Video content search, discovery and recommendation continues to be a hot topic for cable operators who realize that viewers can easily become frustrated while trying to navigate through myriad programming choices to find something to watch. Voice recognition technology is emerging as a way to help customers request specific content or ask for choices to be presented to them, said Kenn Harper VP of devices and ecosystem, Nuance Mobile (NASDAQ:NUAN).
"Scrolling menus and trying to type in a movie (name) is an anxiety-producing experience. It takes time using the small buttons, and (someone) might not know what they are looking for," said Harper, who will speak on April 17 at the NAB Show in Las Vegas. His talk, "Improving Content Search and Discovery with Voice Recognition Technology, will be from 10:30 to 11 a.m.

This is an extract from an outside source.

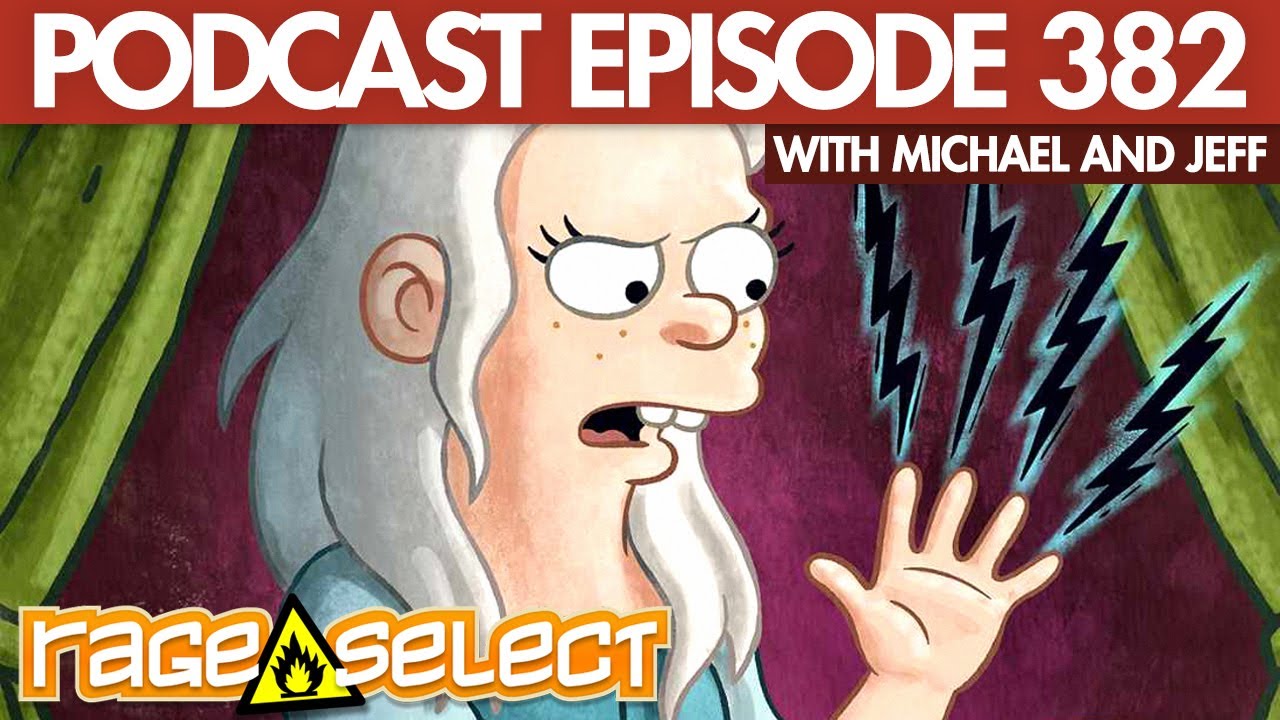 The Rage Select Podcast: Episode 382 with Michael and Jeff!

"There isn't a good interface (with) how content catalogues are structured. There isn't an easy way to find content you are looking for. Speech (recognition) can be used to solve a problem that has plagued the TV industry and cable operators for years," Harper said.
While voice recognition can benefit consumers by presenting an alternate and perhaps easier method of searching for content, it also benefits cable operators.

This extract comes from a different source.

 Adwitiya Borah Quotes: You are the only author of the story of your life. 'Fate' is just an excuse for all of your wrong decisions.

"A large percentage of queries are related to searches for content that has to be paid for - a premium channel or a movie that costs $5.99," Harper said. "Operators aren't just doing this because they are improving usability. By having an easier interface to get to content, they are eliminating barriers to drive more paid content."
How it Works
Voice recognition technology can be used to help with two categories: TV control and TV content search. The former involves looking for a specific channel or programming currently showing on television, while the latter has to do with searching in the on-demand catalog.
The first step is audio acquisition. The mechanism for this is generally in the remote, which records the request and streams to the set-top and/or the cloud. Next comes speech recognition. Other noise and talking needs to be filtered out, but accuracy also depends on a model that can interpret speech patterns, dialects and even languages. Since the voice recognition here is specific to viewing content, the model can be optimized for how people tend to structure commands. The third component is integration with the operator's on-demand database. While some TV control can be done locally on the set-top box, more complicated content searches often are processed in the cloud, Harper said.
As operators build personalization frameworks, biometrics can be used within voice recognition to determine who within a household is making a request. "The recommendations (the operator) serves up will be personalized to you and not your child (for example)," Harper said.
Nuance has seen a 70% repeat user rate. In other words, once viewers use voice recognition to search for content once, 70% of them will use it again, Harper said. "This stickiness is unprecedented. TV is one of the most sticky experiences for voice that we have ever seen. People (are still) using it six months after they first used it."
Additionally, active users of voice recognition for content search are using it 80 times per month.
"They are not just using it once Friday night. People are using this repeatedly throughout the course of the month. This is a pretty significant metric that we are seeing," Harper said.